Ocho años después de que el ex presidente Néstor Kirchner anunciara allí un museo, la ex ESMA no tiene obras nuevas. Reúne el conjunto de 35 edificios originales de la Marina, repartidos y destinados a centros culturales de distintos actores -el gobierno federal, el porteño y ongs de derechos humanos. En los fondos que dan a Lugones, el Espacio para la Memoria, en el viejo Casino de Oficiales, centro de tortura de unos 5000 detenidos, continúa bajo la órbita del consejo asesor, formado por sobrevivientes, ongs oficialistas y autoridades del Estado y la ciudad. Es evidente que este consejo discrepa en sus contenidos y prefiere no asumir los retos de la difusión, a menos que, como en este caso, consista de hamburguesas.

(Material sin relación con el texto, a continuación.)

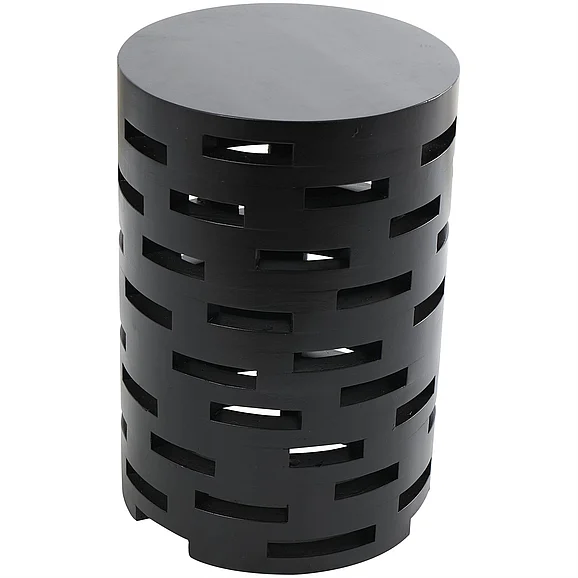 UMA Black Wood Geometric Brick Inspired Cutout Side End Accent Table, 12" x 12" x 17" | 15063 CLOSEOUT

El Espacio merece ser visitado pero el ingreso se tramita con cita previa. Es cierto que el Casino sortea los riesgos más burdos que amenazan a las instituciones memoriales, como la representación material de víctimas y perpetradores. Pero hoy sigue sin ofrecer un circuito museístico más allá de la visita a su arquitectura desnuda y unos pocos carteles escuetos, con las denuncias literales de las víctimas ante la Conadep. No exhibe documentos periodísticos, elocuentes sobre el andamiaje civil del terror. La dificultad del consenso y una dirección profesional resulta notoria y es la misma que subyace al debate sobre el prólogo de Ernesto Sábato al Nunca más, en momentos en que una generación de nuevos historiadores enriquece las conclusiones sobre la época y desarma las simplificaciones de "la teoría de los dos demonios".

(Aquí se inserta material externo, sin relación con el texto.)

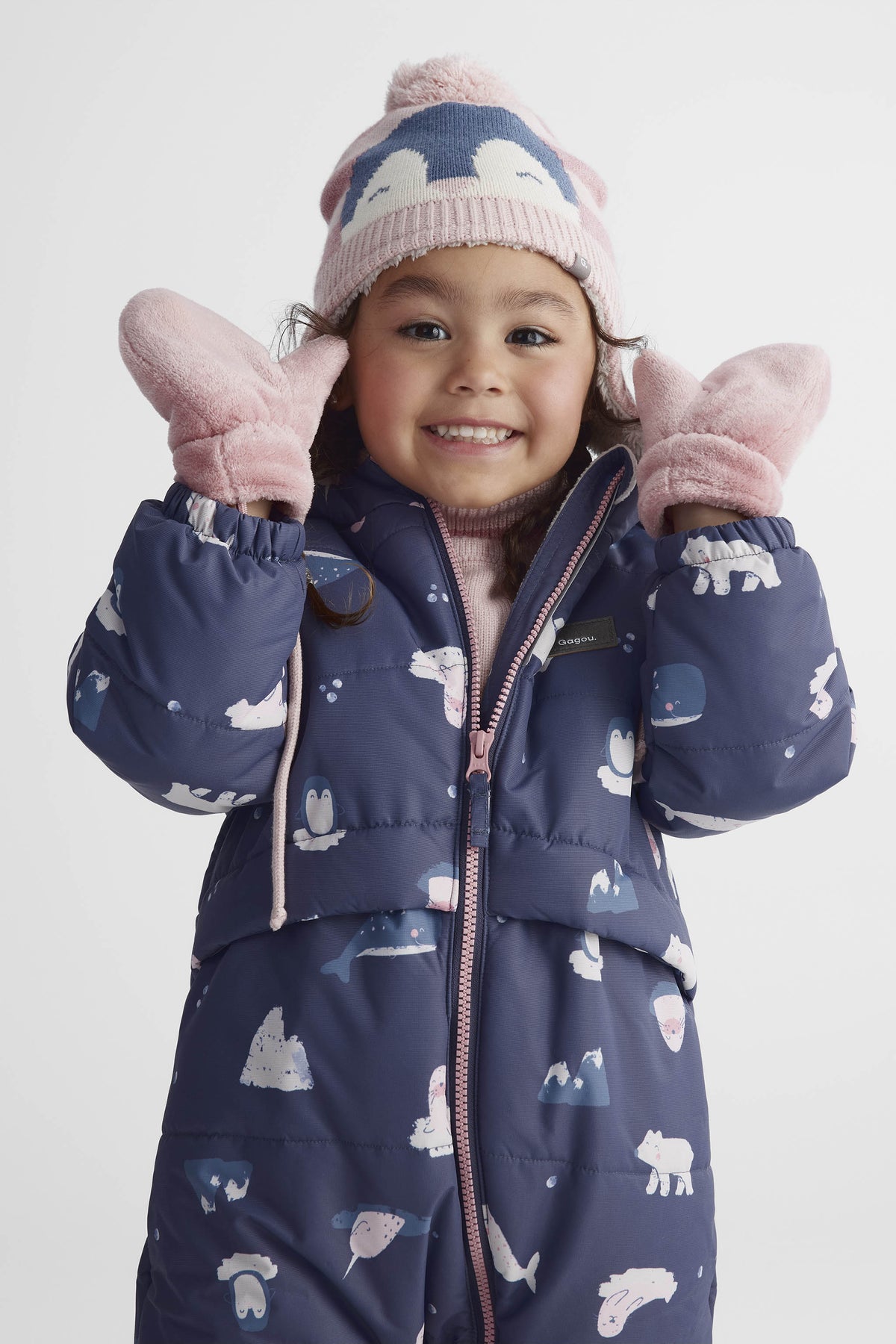 Mitaines moelleuses en peluche - Bébé fille && ROSE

En cambio, aquí todo se sostiene en la evocación de un anfitrión, cuya síntesis retacea hasta las palabras "guerrilla" o Montoneros y encuadra a las víctimas en el desvalimiento, sin conexión con las tensiones partidarias de los 70, la constelación de siglas que nucleaban a los opositores más militarizados y hasta la Guerra Fría en América latina. Las víctimas quedan inmersas en la fórmula paternal de "esa juventud maravillosa" -y los deudos de Elena Holmberg deben suponer que ésta incluye al propio Mario Firmenich, quien goza de su exilio de la democracia en alguna ciudad europea. Lo que se ofrece no es un ámbito didáctico, sino un espacio ceremonial de reconocimiento para el militante de izquierda, un entre-nos orientado a la reconfirmación de una doctrina épica sobre el pasado.

Al inicio del derretimiento soviético, sectores del gobierno polaco propusieron, con aliento del Vaticano, destinar parte del predio de Auschwitz a un convento. Sonaba a chasco, la colectividad judía europea lo rechazó con escándalo. Desvirtuar los lugares de memoria o hacerlos servir a fines partisanos entraña una manipulación inaceptable de la experiencia colectiva.

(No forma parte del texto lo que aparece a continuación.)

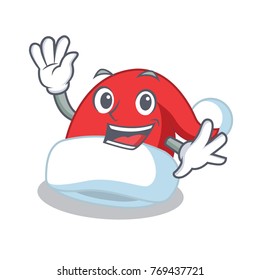 Waving Christmas hat character cartoon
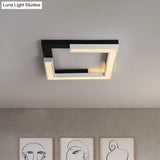 Nordic Style Square Acrylic Led Ceiling Lamp - Minimalist Black And White Flush Mount Lighting For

Cada obra pública conmemorativa de la Segunda Guerra, sobre todo en Alemania, queda sujeta a poco menos que un plebiscito.

En 2010, tras el aniversario de la caída del Muro, la directora del Museo Judío de Berlín, Cilly Kugelman, alertaba que "en un ambiente político donde hay un poder poco democrático y la oposición no tiene fortaleza, esta clase de museos entran en combinaciones muy fallidas. Por ejemplo, el Museo del Terror en Budapest ofrece un pésimo ejemplo de una lectura nacionalista de la historia".

Más allá de la falta de escrúpulos en este fallido brindis, hay algo más profundo y continuo. La ex ESMA participa del mismo carácter de prenda y, a la vez, sede de l a improvisación oportunista que rige a otras instituciones. Baste mencionar el formidable edificio del Museo de la Inmigración, donde por estos meses una inane instalación del artista francés Christian Boltansky despliega sus banales analogías entre inmigrantes y enfermos de infecciosas, inmigrantes y desaparecidos. El vacío expositivo enmascara de austeridad lo que es pobreza en la dirección y un espíritu de feudo político, que consagra el desprecio por quienes los sucederán en el poder.